The Wall Street Journal Asia
- Founded: 1976
- Ceased publication: October 9, 2017
- Headquarters: Hong Kong

= The Wall Street Journal Asia =

Discontinued version of American newspaper

The Wall Street Journal Asia, a version of The Wall Street Journal, was a newspaper that provided news and analysis of global business developments for an Asian audience. Formerly known as The Asian Wall Street Journal, it was founded in 1976 and was printed in nine Asian cities: Bangkok, Hong Kong, Jakarta, Kuala Lumpur, Manila, Seoul, Singapore, Taipei, and Tokyo. Average circulation for 2011 was 83,421. Its largest markets in order of importance were: Hong Kong, Singapore, the Philippines, Japan, Thailand, South Korea, Indonesia, Taiwan, Malaysia, China, India, and Vietnam. The final print edition of the newspaper was published on 9 October 2017.

The paper's main regional office was in Hong Kong, and its former editor, international, was Daniel Hertzberg.
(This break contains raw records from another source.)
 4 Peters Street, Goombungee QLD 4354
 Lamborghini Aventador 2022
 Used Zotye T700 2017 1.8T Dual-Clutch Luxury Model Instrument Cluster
The first editor and publisher of the Asian Journal was Peter R. Kann, the former chairman and chief executive officer of Dow Jones & Company. Gina Chua served as editor-in-chief of the publication before her appointment as executive editor of Reuters. Philip Revzin also served as editor for the paper after serving as the editor and publisher for The Wall Street Journal Europe.

The Wall Street Journal Asia was also online at WSJ.com, the largest paid subscription news site on the web, and in Chinese at Chinese.wsj.com.

==Statistics==
- Its readers were 77.9% Asian citizens, and 67.4% worked in top management.
- Its readership had an average annual income of US$229,000 and an average annual household income of US$301,000.